AVAILABLE DATA below:
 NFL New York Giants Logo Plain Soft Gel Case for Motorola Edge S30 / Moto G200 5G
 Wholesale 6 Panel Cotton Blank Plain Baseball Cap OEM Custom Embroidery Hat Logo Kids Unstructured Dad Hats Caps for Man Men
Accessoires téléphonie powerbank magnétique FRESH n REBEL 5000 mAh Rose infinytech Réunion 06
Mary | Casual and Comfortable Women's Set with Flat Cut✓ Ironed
End of AVAILABLE DATA.
AVAILABLE DATA below:
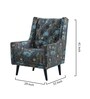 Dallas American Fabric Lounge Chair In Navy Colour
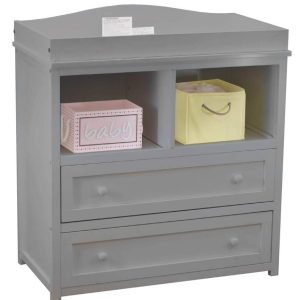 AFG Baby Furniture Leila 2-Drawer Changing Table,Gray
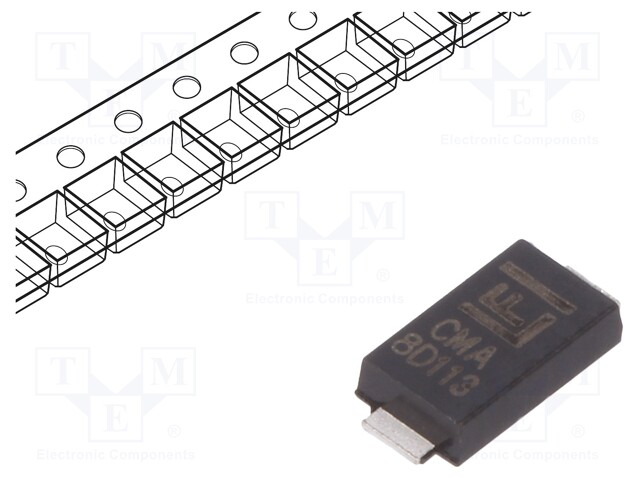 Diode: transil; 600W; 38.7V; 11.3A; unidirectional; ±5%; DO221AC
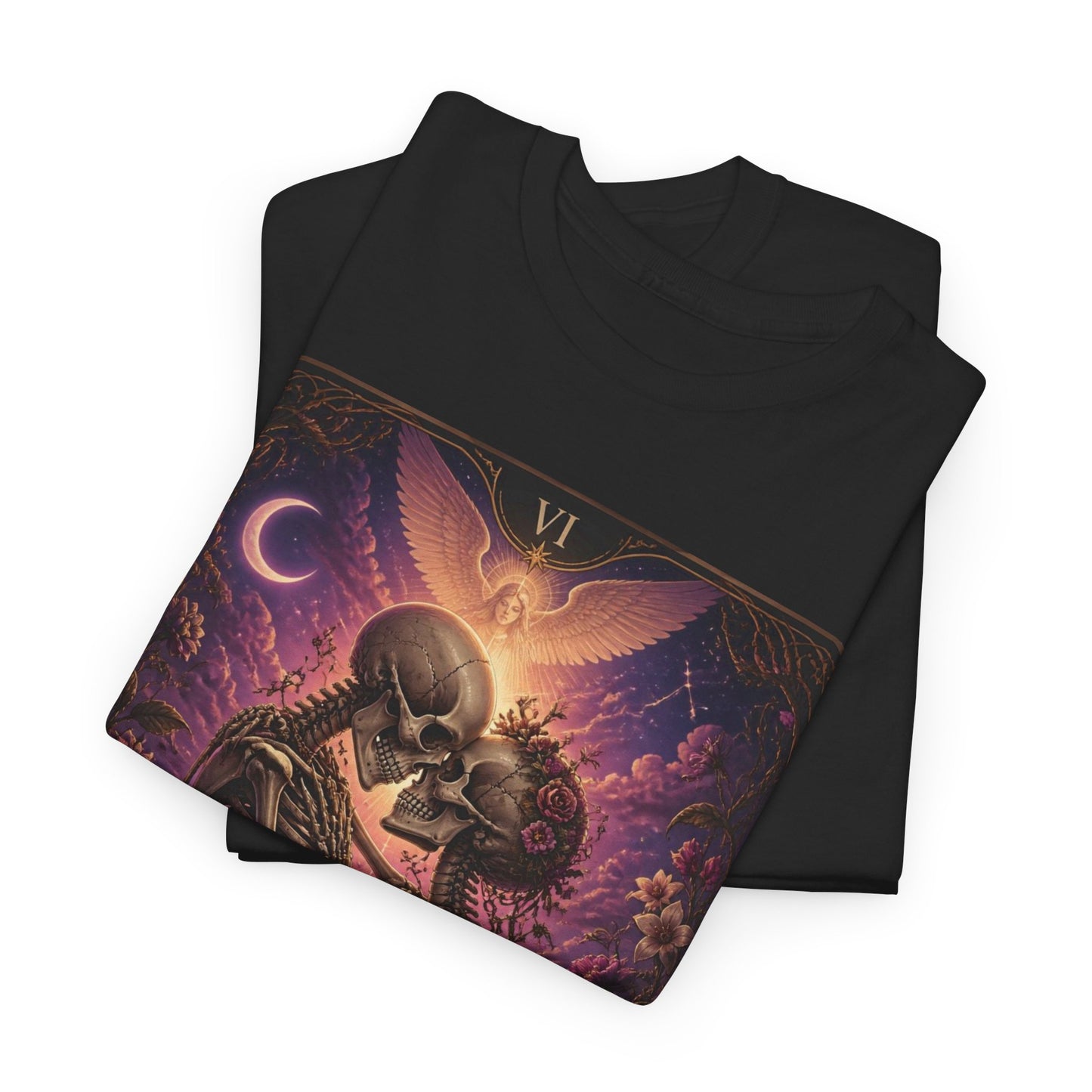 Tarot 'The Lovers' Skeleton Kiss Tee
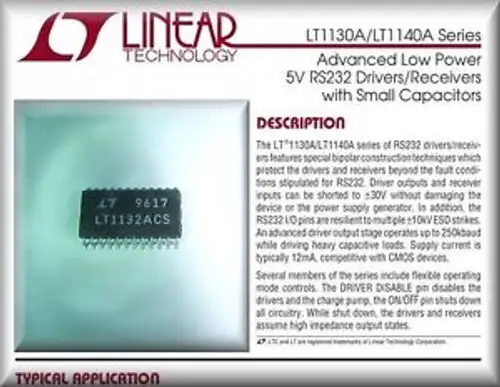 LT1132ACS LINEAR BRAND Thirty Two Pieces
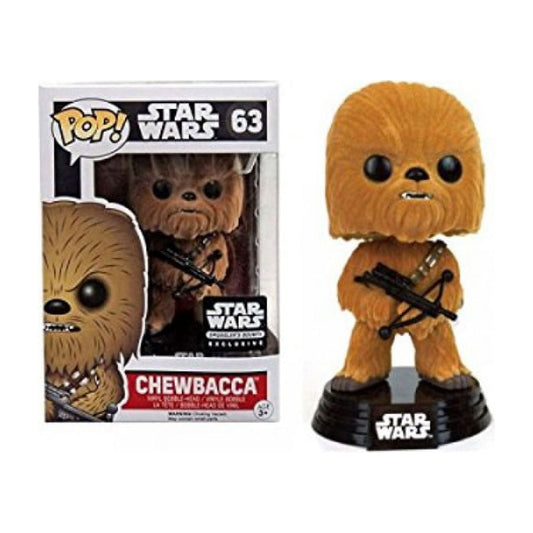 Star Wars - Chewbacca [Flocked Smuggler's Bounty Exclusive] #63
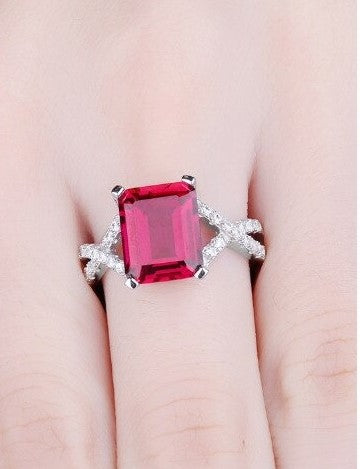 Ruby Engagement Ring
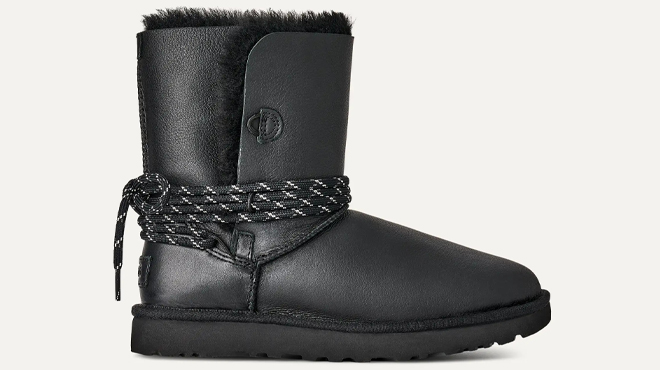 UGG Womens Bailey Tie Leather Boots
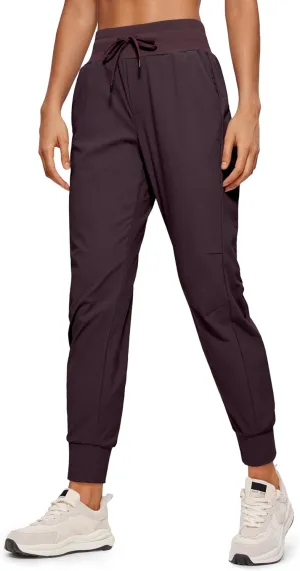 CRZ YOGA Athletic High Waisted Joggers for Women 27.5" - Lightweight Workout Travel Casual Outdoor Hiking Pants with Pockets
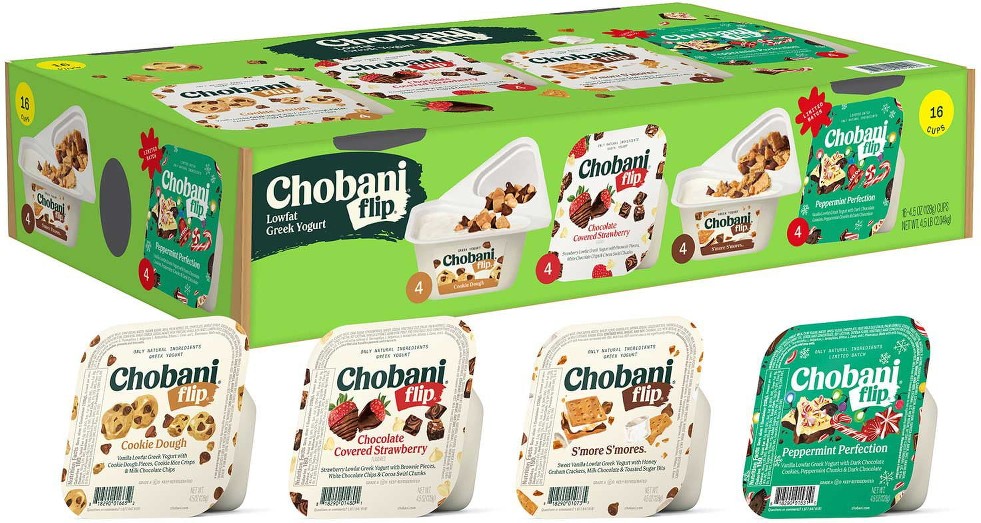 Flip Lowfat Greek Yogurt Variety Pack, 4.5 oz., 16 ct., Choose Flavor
End of AVAILABLE DATA.
AVAILABLE DATA below:
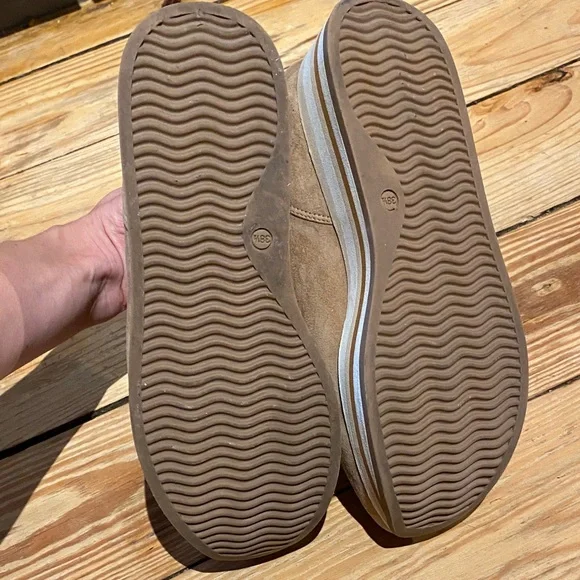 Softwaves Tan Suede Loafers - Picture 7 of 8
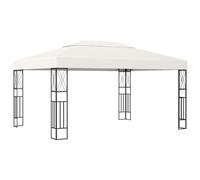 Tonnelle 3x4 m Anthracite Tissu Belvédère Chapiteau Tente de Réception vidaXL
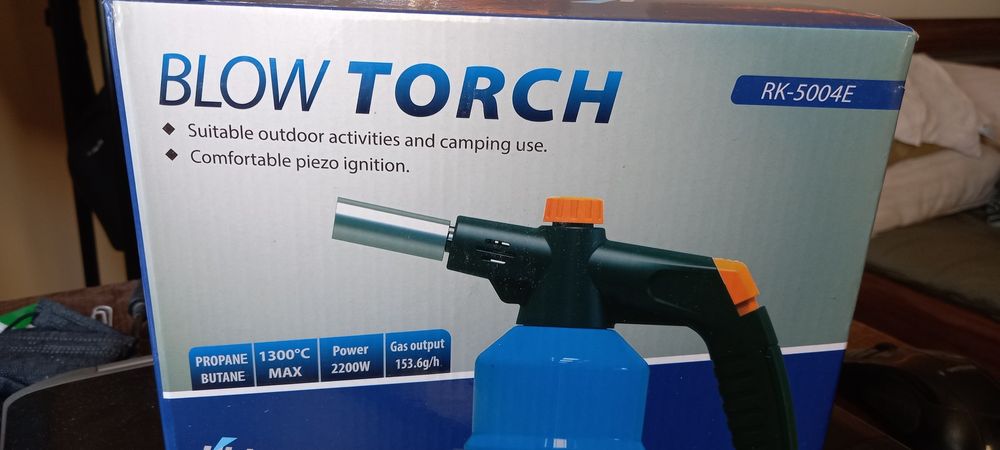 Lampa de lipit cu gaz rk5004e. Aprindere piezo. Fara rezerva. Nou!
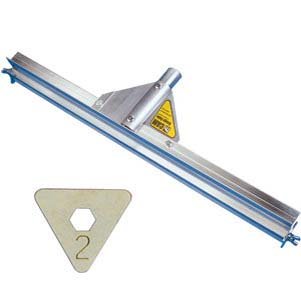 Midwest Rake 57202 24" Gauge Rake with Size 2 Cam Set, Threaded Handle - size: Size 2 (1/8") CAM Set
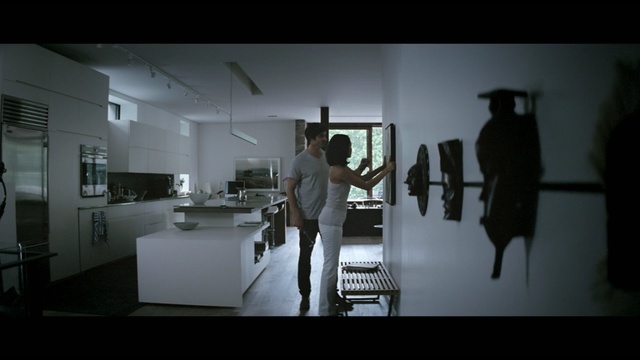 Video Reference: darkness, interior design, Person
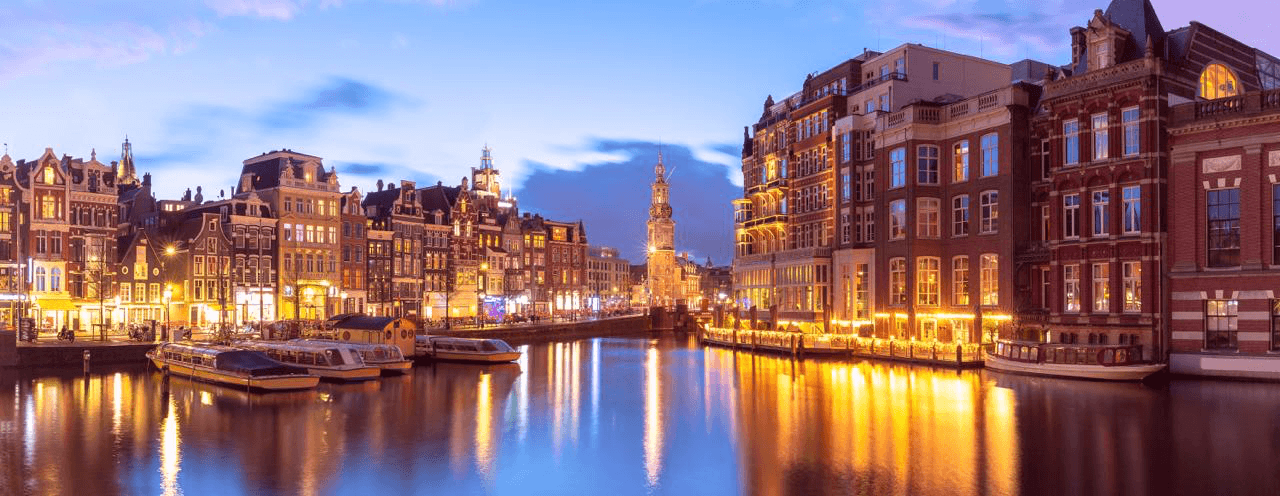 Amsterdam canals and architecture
End of AVAILABLE DATA.
§ HOW TO COMPLETE THIS TASK:
Search the entries above for the word "Logo" and copy each line where it appears.

§ WRITTEN REPLY:
 NFL New York Giants Logo Plain Soft Gel Case for Motorola Edge S30 / Moto G200 5G
 Wholesale 6 Panel Cotton Blank Plain Baseball Cap OEM Custom Embroidery Hat Logo Kids Unstructured Dad Hats Caps for Man Men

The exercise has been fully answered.